The above view has been given by commission without taking into account the binding constitutional conventions.
Conclusion
No instrumentality of government nor any citizen of India has any doubt that Indian Constitution established cabinet system of Government, similar to United Kingdom. Yet, some unhappy situation has arisen because the Constitution of India has adapted the same provisions found under the 1935 Act, on the assent of the Bills passed by the legislative bodies. Only the inapplicable words, such as, ‘His Majesty’ and ‘Governor General’ have been modified.
There is a justifiable criticism on the drafting of the Constitution, that it was a hurriedly drafted Constitution driven by ‘emotions’, rather than ‘reason’. The Constituent Assembly, showed more concern on the Fundamental Rights and the Directive Principles of State policies. The inter relationship between the Centre and State and the rights of the Provinces and the Centre-State relations were not given due attention and adequate importance, by the Constituent Assembly.
It is said, that the drafts were to be approved by the Congress Working Committee, prior to discussion by the Constitution Assembly. That may be a contributory factor for such lapses. Further, the said drafting committee must have been under a firm view that established conventions would not be broken by the instrumentalities of the Government. The fact that after 1708, no Bill passed by the Parliament of UK was refused to be assented by the King and the fact that Constitution of India established Cabinet system of government and not Presidential form of Government and the fact that no Bill passed under the GoI Acts from 1919, was refused to be assented by the Governors, might have resulted in the omission, to delete the word ‘withhold’ in Arts 111 and 200, as that was brutumfulmen. Whatever may be the reason, the non-omission of the word ‘withhold’ in these articles is a lapse on the part of the Constituent Assembly and its drafting committee.

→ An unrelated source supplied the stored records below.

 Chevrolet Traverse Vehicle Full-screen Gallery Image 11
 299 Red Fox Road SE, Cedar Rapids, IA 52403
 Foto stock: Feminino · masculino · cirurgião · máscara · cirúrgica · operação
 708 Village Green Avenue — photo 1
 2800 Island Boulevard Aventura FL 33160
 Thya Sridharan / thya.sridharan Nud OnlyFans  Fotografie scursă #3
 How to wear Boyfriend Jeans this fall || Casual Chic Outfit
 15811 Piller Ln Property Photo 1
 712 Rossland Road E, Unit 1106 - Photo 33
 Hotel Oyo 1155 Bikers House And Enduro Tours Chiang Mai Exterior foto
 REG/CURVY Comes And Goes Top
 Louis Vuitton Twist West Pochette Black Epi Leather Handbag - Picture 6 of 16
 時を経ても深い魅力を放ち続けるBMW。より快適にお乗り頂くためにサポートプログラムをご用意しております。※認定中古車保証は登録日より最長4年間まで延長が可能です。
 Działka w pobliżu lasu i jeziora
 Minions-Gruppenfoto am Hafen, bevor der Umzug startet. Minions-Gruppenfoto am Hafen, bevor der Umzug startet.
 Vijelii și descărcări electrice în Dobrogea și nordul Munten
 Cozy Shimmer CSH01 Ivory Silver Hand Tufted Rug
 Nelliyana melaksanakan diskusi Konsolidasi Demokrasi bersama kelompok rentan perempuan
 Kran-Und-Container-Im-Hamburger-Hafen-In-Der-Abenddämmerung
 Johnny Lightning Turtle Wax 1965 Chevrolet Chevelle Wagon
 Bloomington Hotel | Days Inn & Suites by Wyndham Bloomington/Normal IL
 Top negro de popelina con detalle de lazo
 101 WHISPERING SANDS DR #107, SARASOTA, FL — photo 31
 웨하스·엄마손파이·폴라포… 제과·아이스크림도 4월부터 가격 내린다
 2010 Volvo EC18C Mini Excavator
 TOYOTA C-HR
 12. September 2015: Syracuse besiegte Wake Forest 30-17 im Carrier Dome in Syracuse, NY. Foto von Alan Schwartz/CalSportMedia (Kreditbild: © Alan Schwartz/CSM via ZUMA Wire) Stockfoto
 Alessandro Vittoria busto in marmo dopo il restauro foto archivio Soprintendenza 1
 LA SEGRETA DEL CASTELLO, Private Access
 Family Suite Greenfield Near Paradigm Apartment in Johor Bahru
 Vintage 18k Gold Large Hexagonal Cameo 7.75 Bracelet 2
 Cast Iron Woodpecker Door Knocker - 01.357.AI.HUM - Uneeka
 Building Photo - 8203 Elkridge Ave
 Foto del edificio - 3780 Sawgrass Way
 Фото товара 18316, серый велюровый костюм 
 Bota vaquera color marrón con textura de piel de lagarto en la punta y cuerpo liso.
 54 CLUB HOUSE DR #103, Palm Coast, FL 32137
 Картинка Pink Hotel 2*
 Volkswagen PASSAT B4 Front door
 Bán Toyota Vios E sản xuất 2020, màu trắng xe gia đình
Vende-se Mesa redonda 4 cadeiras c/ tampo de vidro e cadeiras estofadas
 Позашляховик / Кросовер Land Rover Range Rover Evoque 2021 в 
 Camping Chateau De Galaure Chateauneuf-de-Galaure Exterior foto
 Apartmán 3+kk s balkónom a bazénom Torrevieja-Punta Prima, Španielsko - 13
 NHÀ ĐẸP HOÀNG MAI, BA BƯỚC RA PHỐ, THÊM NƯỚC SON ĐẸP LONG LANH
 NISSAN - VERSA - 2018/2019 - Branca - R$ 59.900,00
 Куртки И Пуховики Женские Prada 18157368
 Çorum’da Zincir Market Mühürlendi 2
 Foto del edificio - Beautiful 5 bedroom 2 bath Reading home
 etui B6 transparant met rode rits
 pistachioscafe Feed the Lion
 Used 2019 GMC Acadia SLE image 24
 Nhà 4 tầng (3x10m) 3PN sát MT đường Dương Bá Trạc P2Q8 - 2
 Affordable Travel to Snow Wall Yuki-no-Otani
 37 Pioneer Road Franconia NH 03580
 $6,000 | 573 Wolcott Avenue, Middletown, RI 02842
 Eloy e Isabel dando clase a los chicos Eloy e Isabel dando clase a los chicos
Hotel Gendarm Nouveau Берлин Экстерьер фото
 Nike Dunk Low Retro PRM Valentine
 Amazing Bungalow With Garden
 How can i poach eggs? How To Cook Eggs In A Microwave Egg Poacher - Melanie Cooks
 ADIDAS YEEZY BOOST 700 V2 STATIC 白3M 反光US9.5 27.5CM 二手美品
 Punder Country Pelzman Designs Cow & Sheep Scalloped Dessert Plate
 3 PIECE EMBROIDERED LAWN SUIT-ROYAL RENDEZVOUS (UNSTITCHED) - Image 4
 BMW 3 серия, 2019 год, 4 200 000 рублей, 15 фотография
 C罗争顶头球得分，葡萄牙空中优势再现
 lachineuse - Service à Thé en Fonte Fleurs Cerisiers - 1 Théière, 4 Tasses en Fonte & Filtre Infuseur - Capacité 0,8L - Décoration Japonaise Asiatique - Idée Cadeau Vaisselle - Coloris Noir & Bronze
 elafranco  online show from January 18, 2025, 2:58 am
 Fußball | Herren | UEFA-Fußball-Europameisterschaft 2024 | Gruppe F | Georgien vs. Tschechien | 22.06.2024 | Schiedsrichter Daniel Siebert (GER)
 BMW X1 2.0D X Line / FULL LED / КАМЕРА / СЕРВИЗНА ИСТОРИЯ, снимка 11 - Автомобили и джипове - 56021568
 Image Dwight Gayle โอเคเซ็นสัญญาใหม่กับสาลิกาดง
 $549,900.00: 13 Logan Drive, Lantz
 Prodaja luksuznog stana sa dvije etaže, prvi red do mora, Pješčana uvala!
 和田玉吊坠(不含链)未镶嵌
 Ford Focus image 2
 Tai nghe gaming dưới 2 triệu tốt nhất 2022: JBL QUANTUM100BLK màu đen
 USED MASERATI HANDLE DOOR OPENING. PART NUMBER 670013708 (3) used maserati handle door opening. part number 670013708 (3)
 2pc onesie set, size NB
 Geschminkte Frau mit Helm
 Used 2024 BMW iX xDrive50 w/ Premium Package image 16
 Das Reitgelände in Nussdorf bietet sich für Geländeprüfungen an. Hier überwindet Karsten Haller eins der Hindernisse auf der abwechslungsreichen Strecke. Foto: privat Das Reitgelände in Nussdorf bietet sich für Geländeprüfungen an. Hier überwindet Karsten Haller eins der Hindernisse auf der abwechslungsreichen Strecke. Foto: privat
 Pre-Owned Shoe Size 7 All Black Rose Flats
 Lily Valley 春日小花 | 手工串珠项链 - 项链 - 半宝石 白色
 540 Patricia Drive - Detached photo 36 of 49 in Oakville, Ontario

Of late, the Governors of States started ignoring the conventions, either deliberately, or under directions from the Central Home-ministry, as stated by the National commission. It is on the basis of a false notion that the Governor is the real administrative head, as opposed to the fact that the Governor is only an ornamental head. Whatever be the real reason, the fact remains that under the Indian Constitution the Governor or the President has no power to veto any Bill passed by the legislatures. The long-established convention that a Bill passed by the legislatures cannot be vetoed, is being violated, for some reason or other. Such acts are against the spirit of the Constitution of India.